Сошел с помоста Антон Ганц, за ним ретировались его подчиненные.
Пятилась шеренга автоматчиков от помоста. Эсэсовцы отходили медленно,
держа автоматы наготове.
Помост опустел, на нем остался только счастливый Мацанович. Все
расходились с аппельплаца, радуясь победе.
Старостин мучительно раздумывал:
"На самом деле Антон Ганц подчинился всеобщему протесту и сдался? Или
он только коварно отступил и замышляет расправу, будет вызывать себе
подмогу?"
Но при всех обстоятельствах Старостин был доволен, что вооруженное
столкновение не началось здесь, на открытом аппельплаце, под дулами
пулеметов, направленных с вышек. Здесь шансов на конечный успех было все
же меньше, чем в рукопашном бою, в лесочке возле бараков, как это
предусматривал план восстания...
Он надсадно кашлял. Сорвал себе голос, выкрикивая слова протеста,
призывая к неповиновению.
Наконец, удалось унять кашель, но это потребовало таких усилий, что
он еще больше ослабел: сейчас сбить с ног его можно было и шапкой.

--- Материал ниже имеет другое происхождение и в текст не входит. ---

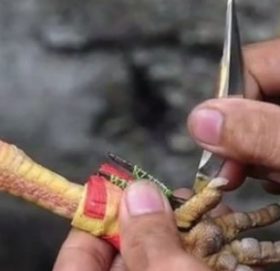 जुधाउनका लागि खुट्टामा चक्कु बाँधिएकाे भालेले लियाे मालिककाे ज्यान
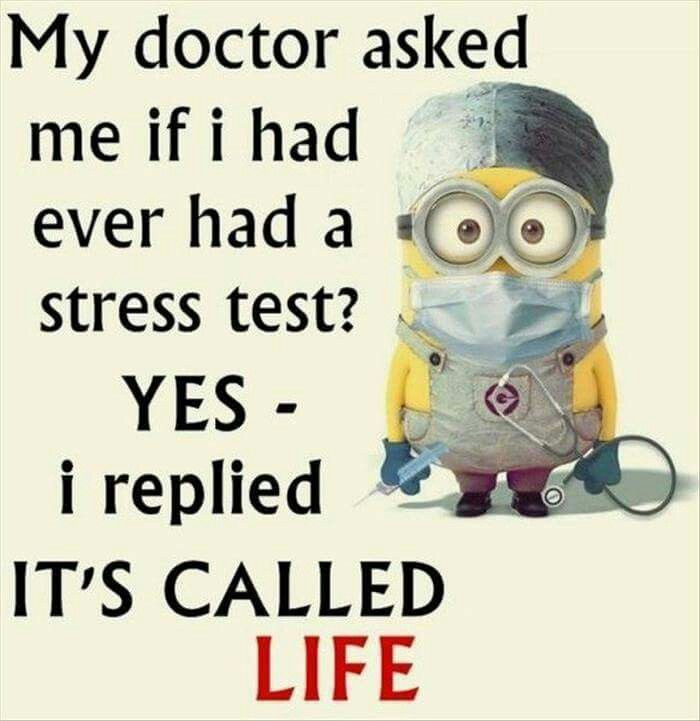 Minion Quotes Funny
 Best 45 Very Funny minions Quotes – Quotes and Humor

Старостин медленно побрел к блоку ј 15, товарищи бережно вели его под
руки. К нему подбегали узники из других бараков, благодарили всяк
по-своему, трясли руки, а экспансивные итальянцы обнимали. Их привел
старый знакомый Чеккини, крайне изможденный, но все еще красивый, как в
первые дни неволи в Маутхаузене.
Старостину рассказали, что около полудня в барак ј 1, в шрайбштубе к
Драгомиру Барте, вошла группа эсэсовцев. Последовал приказ все документы
изъять. Набили бумагами мешки, погрузили их на тачку и повезли к
крематорию.
В этот момент в шрайбштубе кроме Барты был еще Серж де Мюссак,
младший писарь. Барте удалось скрыть от эсэсовцев и спрятать самые важные
документы - списки погибших, перечень всех транспортов и команд
заключенных, которые прибывали в Эбензее. Барта улучил момент и засунул
эти бумаги под куртку, под рубашку. Не успели эсэсовцы довезти мешки до
крематория, как документы были перепрятаны Мюссаком и двумя югославами -
Милошем Баичем и Любомиром Зацевичем. Опорожнили огнетушитель, туго набили
его документами и закопали за бараком. Эсэсовцы в спешке сожгли бумаги,
так и не узнав, что исчезли самые важные...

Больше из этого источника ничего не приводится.